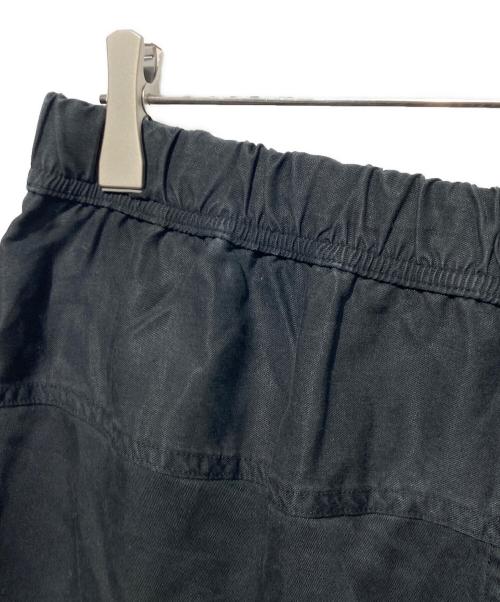 YOKE（ヨーク）YOKE (ヨーク) Military Wide Over Pants ブラック サイズ:2の古着・服飾アイテム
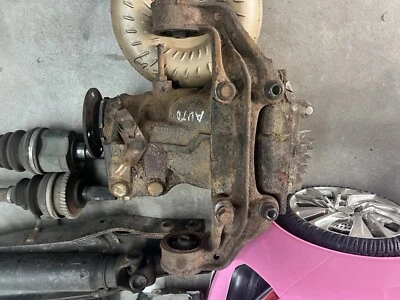 1993 Mazda Rx7 Automatic Rear Differential  - Image 1 of 2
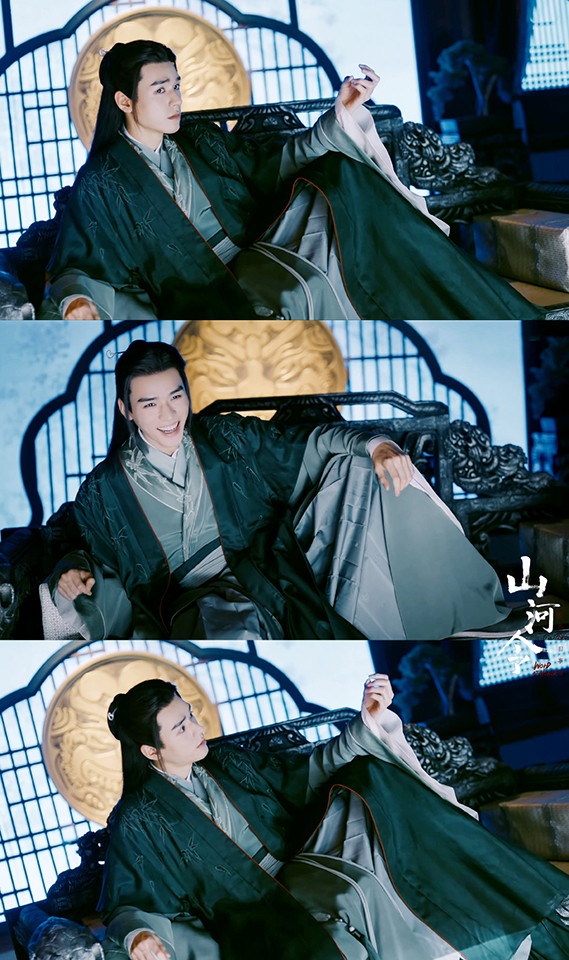 網評陸劇最惹人心疼「美強慘男主」TOP 3:《山河令》溫客行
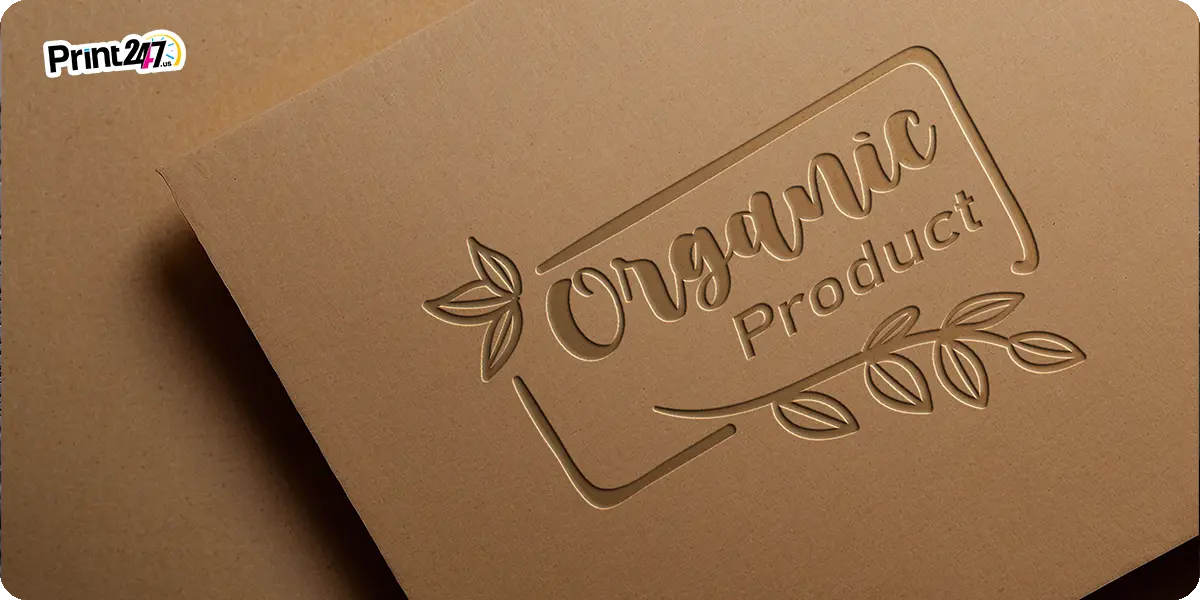 luxury debossed logos debossed-printing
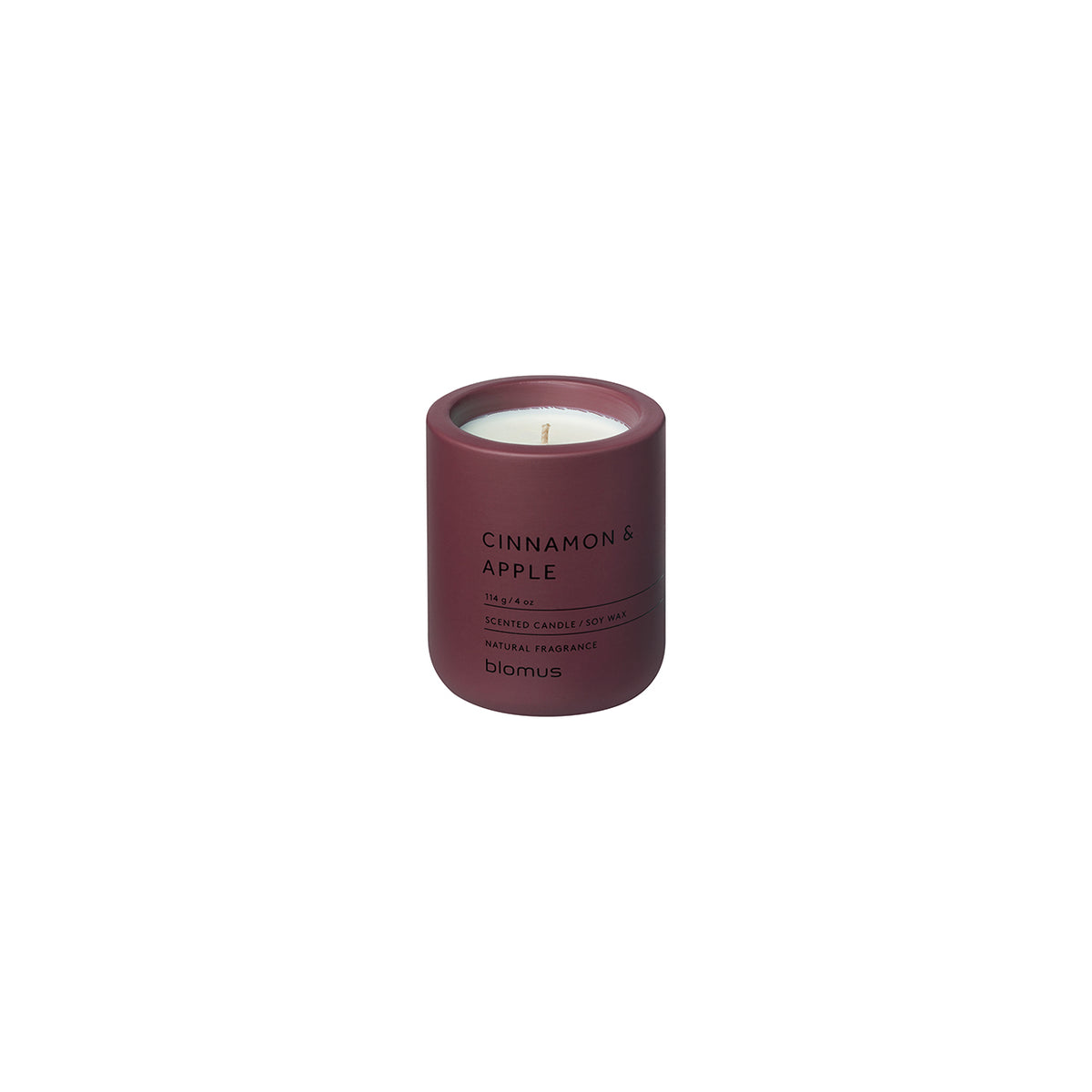 FRAGA Scented Candle In Concrete Container - Small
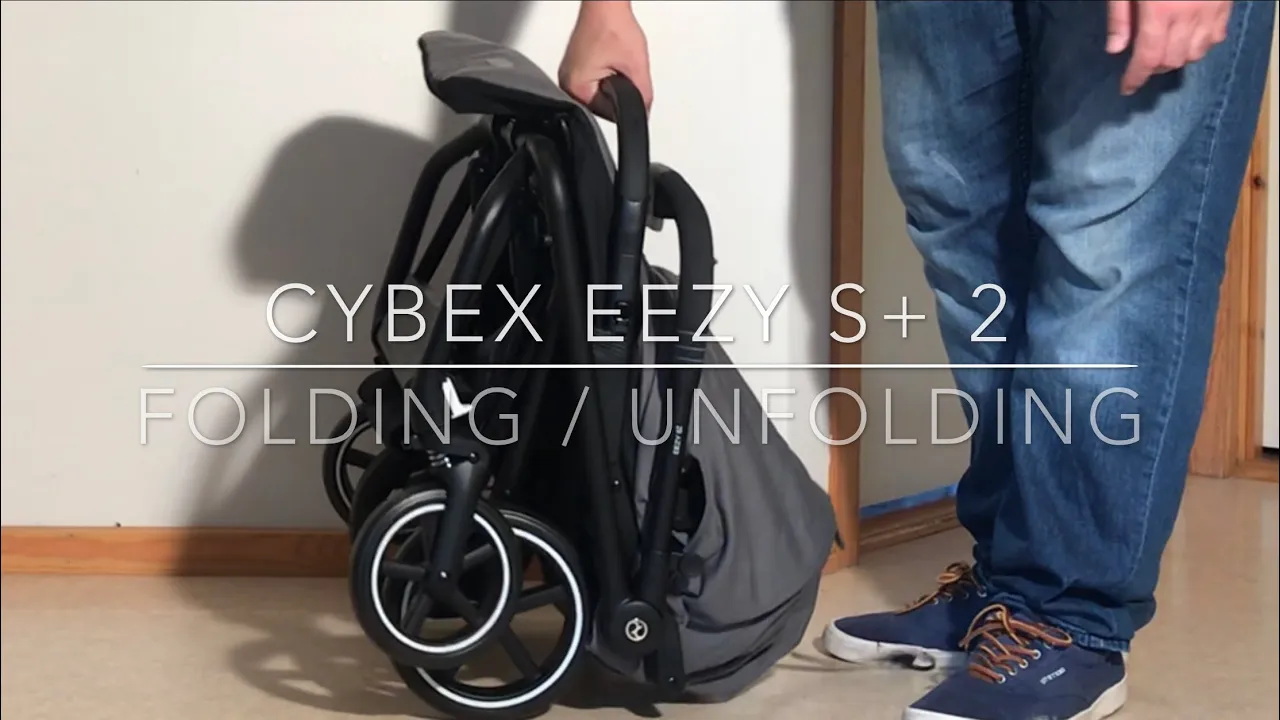 Cybex Eezy S + 2: Comprehensive Folding Guide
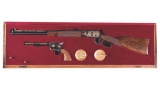 Cased Colt-Winchester Commemorative Matched Set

------------------------------

Make an exact copy of the lines of the records from the line containing "luxury debossed logos debossed-printing" through the final line, both ends included, but not of the pictures.

 luxury debossed logos debossed-printing
 FRAGA Scented Candle In Concrete Container - Small
 Cybex Eezy S + 2: Comprehensive Folding Guide
 Cased Colt-Winchester Commemorative Matched Set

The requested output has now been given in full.